Star-Bulletin Sports

Saturday, January 26, 2002


Senior tour’s fab
foursome still swinging

Their games have changed,
but their passion hasn't

By Paul Arnett

WAILEA, Maui >> Arnold Palmer, Jack Nicklaus, Hale Irwin and Fuzzy Zoeller aren't as famous a foursome as the Beatles were decades ago, but they are show-stoppers just the same for the senior circuit.

The Wailea Resort was abuzz yesterday, looking more like an upscale retirement home, as the senior citizens descended on the gold course to get a look at the professional golfers of their day.

Preparing for this morning's Senior Skins, the foursome took part in a pro-am to test their swings for the $600,000 event that will be broadcast over two days on ABC-TV. The first 12 holes will be shown live today with the remaining six set for tomorrow on a tape-delayed basis. All 18 holes will be played today.

Palmer is the grand master of ceremonies. At 72, he is coming off an appearance at the Bob Hope Chrysler Classic to play in his 14th Senior Skins in 15 years. The only one he missed, in 1997, was because of prostate cancer.

"My approach is always to win as many skins as I can," Palmer said. "My outlook is better now than in recent years because I have been working hard on some things that I think will help me on the course. I think the course sets up well for us and I am hoping to get off to a fast start."

Palmer has pocketed 40 skins worth a shade more than $1 million and is third behind Nicklaus and Raymond Floyd, who is not taking part in this year's made-for-TV event. Nicklaus has 51 skins and $1.3 million in earnings for this 18-hole show. In 1991, he rolled in an eagle putt on the third playoff hole worth $285,000.

A bad back landed Nicklaus in the rough several months ago. He hasn't played competitively since last summer and isn't sure what to expect this weekend.

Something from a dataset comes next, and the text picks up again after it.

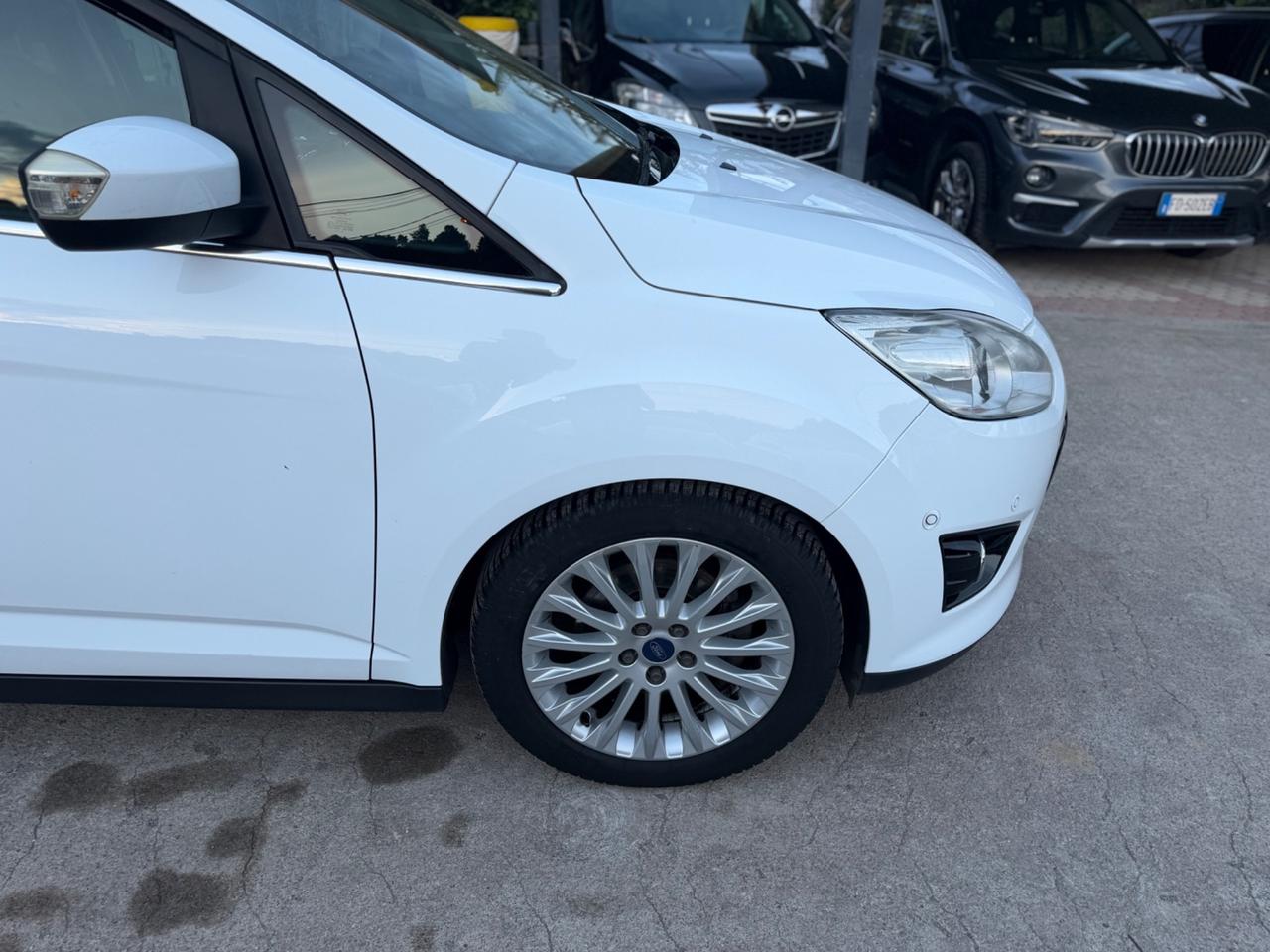 Ford C-Max 1.6 TDCi 115CV Titanium Km Certificati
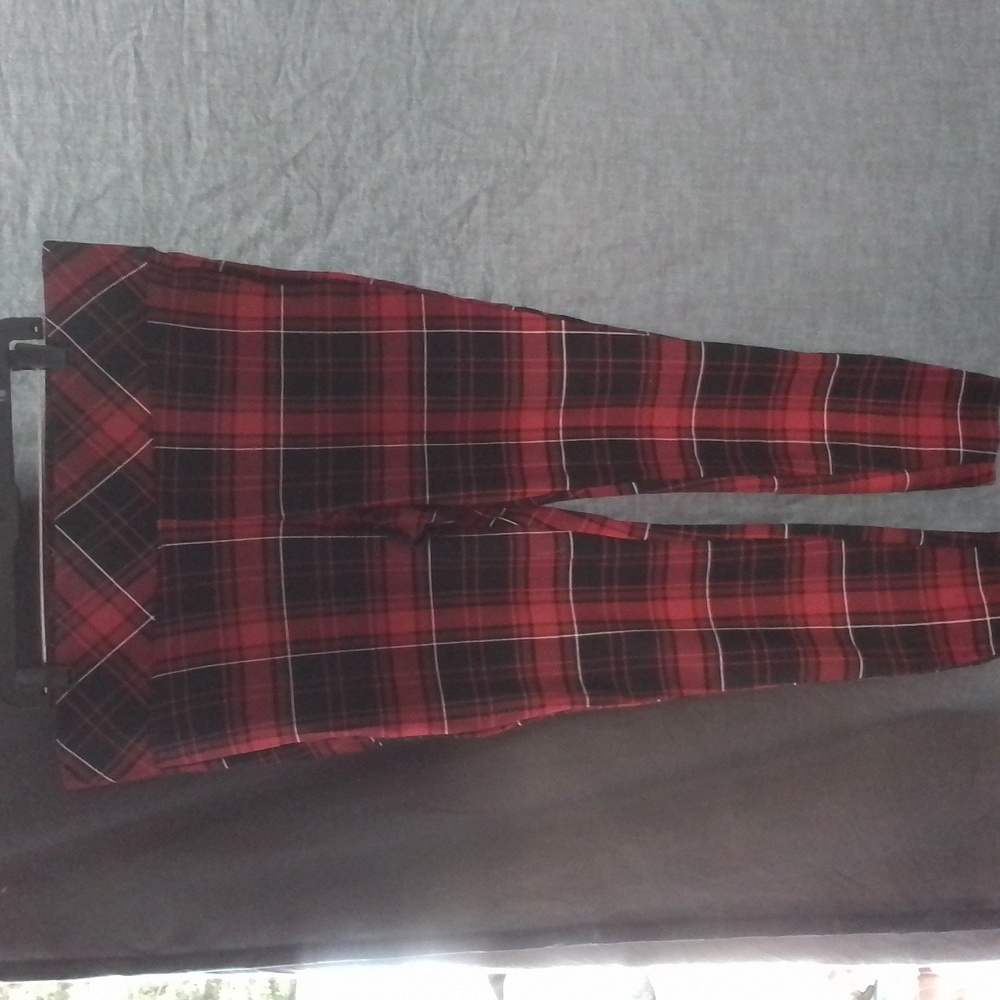 Torrid red plaid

"It's been a long time since I played in a competition," Nicklaus said. "I think the last time was in the British Senior Open. But I've been working at it and I think I'm going to have a good time. Wailea is a nice course, not extremely difficult, and is well-suited for us old guys. The course will keep everybody in the match."

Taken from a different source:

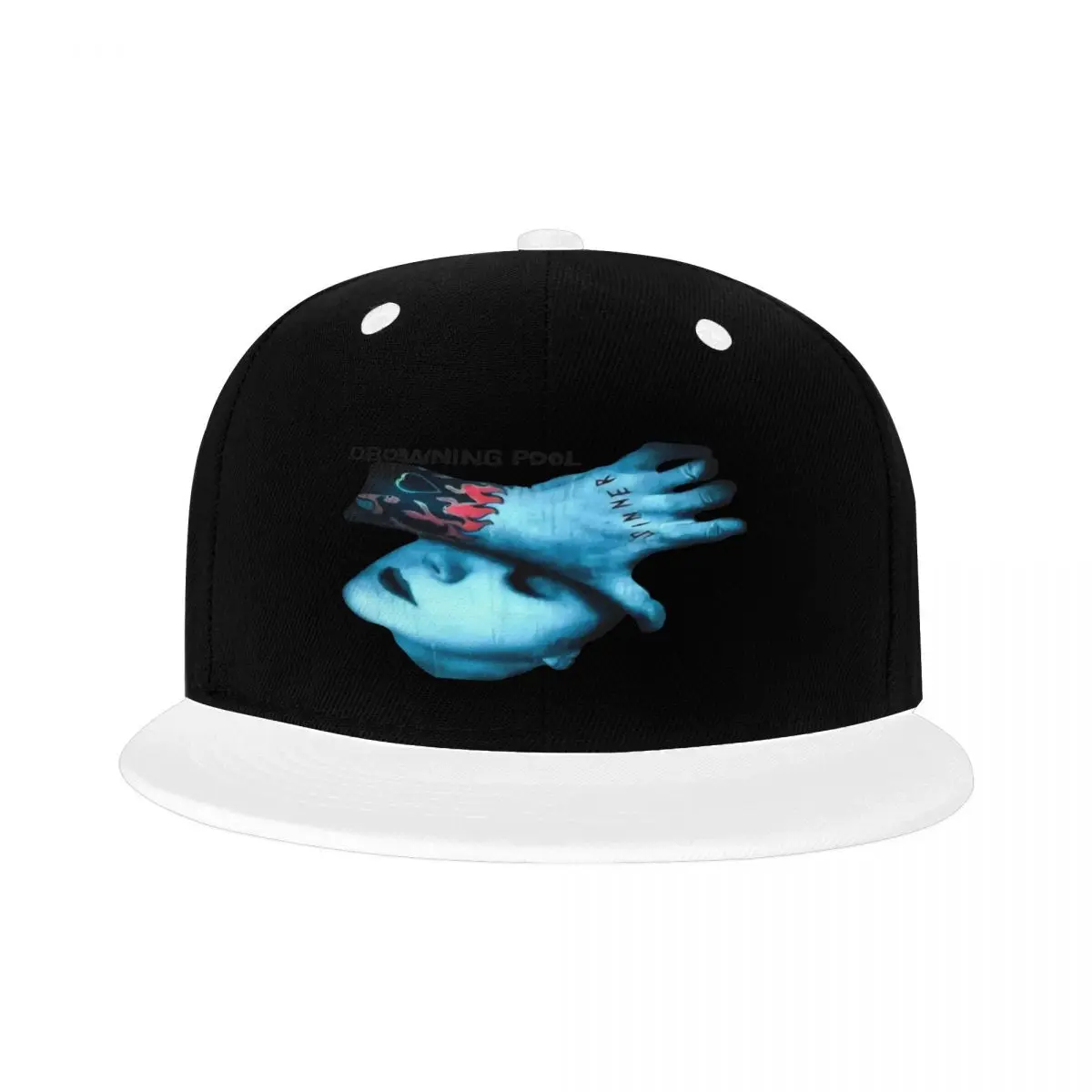 Hot Drowning Pool Sinner 3 Hat Cap Male Hats For Men Women's Baseball Cap Man Hat Baseball Cap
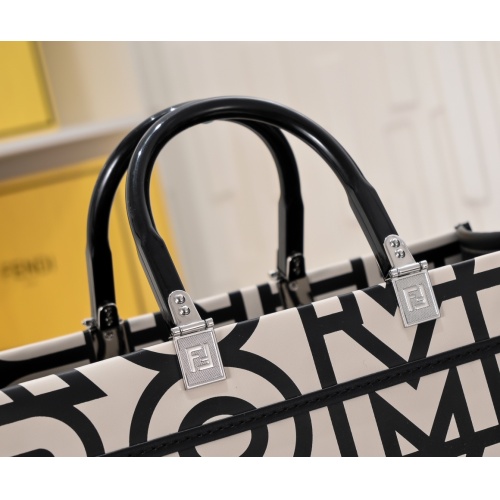 Replica Fendi AAA Quality Tote-Handbags For Women #1185390 $98.00 USD for Wholesale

The first six holes will be worth $20,000 apiece. That moves up to $30,000 on the next six, $40,000 for holes 13 through 17 and $100,000 on the 18th. If recent history holds true, Irwin will be the man to beat.

Last year, he won seven skins and $320,000. He pocketed the final six skins and $180,000 with a birdie on the first playoff hole. Nicklaus, who finished second with 10 skins and $260,000, could have won if he had missed a four-foot birdie putt on the 18th hole.

If Nicklaus had let it slide by the hole, Gary Player would have won the six skins, giving Nicklaus the crown. Instead, he forced a playoff and lost to Irwin on the first extra hole.

"I liked that putt you made at the last hole, that was really good," Irwin said, then smiled.

Nicklaus responded in true Golden Bear style, "I couldn't miss one on purpose. I just couldn't do that to you or anybody else. This year, hopefully the putt will be to win and not to give Mr. Irwin a chance to win."

Irwin countered, "That's fine, Jack, you did a wonderful job last year."

Irwin then reflected on his recent run of Senior Skins success. He finished second in 1998, first in 1999, skipped 2000 and finished first again last year to earn 25 combined skins and $920,000.

"It's always a delight," Irwin said. "Last year was probably the most exciting skins that I had the opportunity to be involved in. It came down to that last hole, where Jack could have been a nice guy and made it, and he did.

"The Senior Skins is a wide-open deal. You have to be fortunate at the right time. Knowing the player Jack is, it didn't surprise me that he knocked it in. Then I won all the marbles."

Zoeller will be trying to land a few of his own in his first Senior Skins appearance.

"I am looking forward to it," Zoeller said. "What a beautiful group I get to play with. I'm one of the luckiest guys in the world playing with these three fine gentlemen and I get to talk to them. I'm already starting to rip Arnold about his Michael Jordan look over there, no socks. I think it's a great golf course and should be good for a skins format."

As for Palmer, he's not ready to hang up his spikes just yet.

"I'm here, unless something unforeseen happens, as long as they invite me I will play," said Palmer, who is the elder statesman of this fab four. "There's only one thing for sure right now. I'm going to die one of these days somewhere down the line, and I hope it isn't too soon."